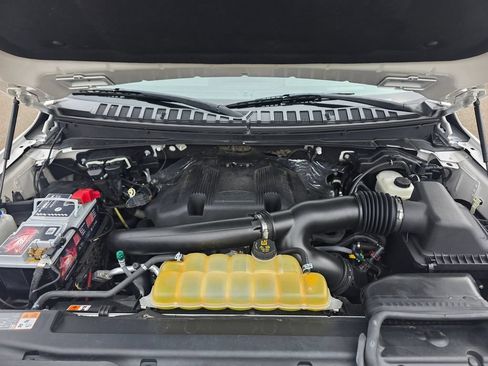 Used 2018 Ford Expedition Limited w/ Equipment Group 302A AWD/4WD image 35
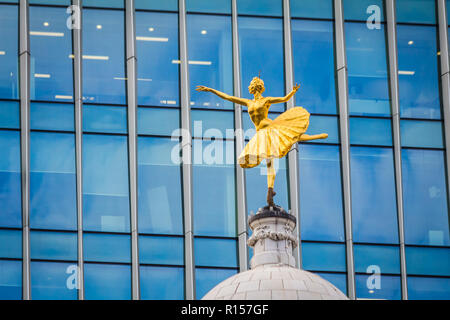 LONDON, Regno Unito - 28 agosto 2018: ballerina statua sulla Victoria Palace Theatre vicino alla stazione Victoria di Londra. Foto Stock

+++

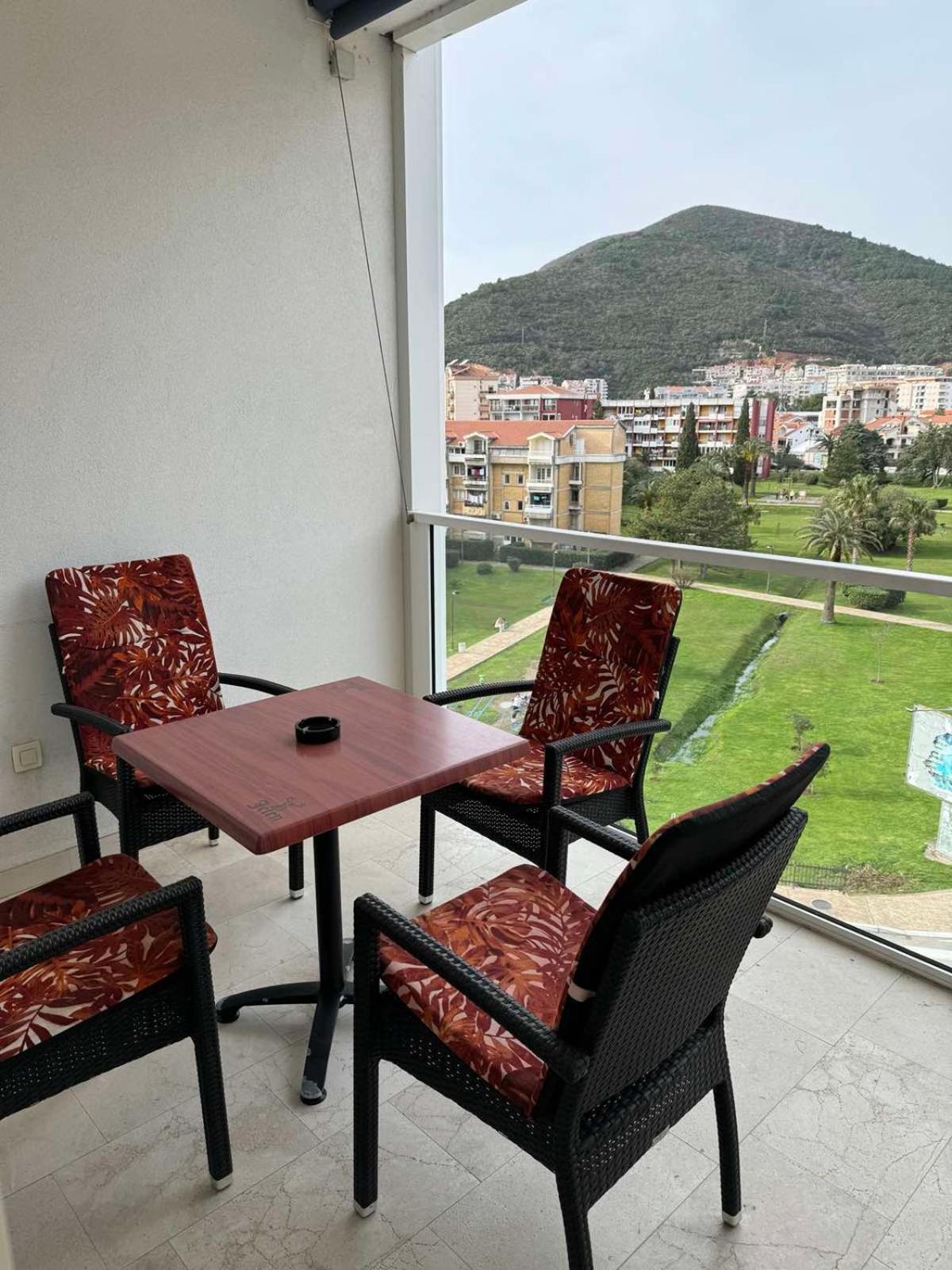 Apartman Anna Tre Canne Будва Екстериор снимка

+++

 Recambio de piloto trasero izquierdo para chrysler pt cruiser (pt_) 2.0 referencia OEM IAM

+++

In the listing above, find the line with "Used 2018 Ford" and the line with "LONDON, Regno Unito". Copy exactly those two and every line between, without the pictures.

 Used 2018 Ford Expedition Limited w/ Equipment Group 302A AWD/4WD image 35
 LONDON, Regno Unito - 28 agosto 2018: ballerina statua sulla Victoria Palace Theatre vicino alla stazione Victoria di Londra. Foto Stock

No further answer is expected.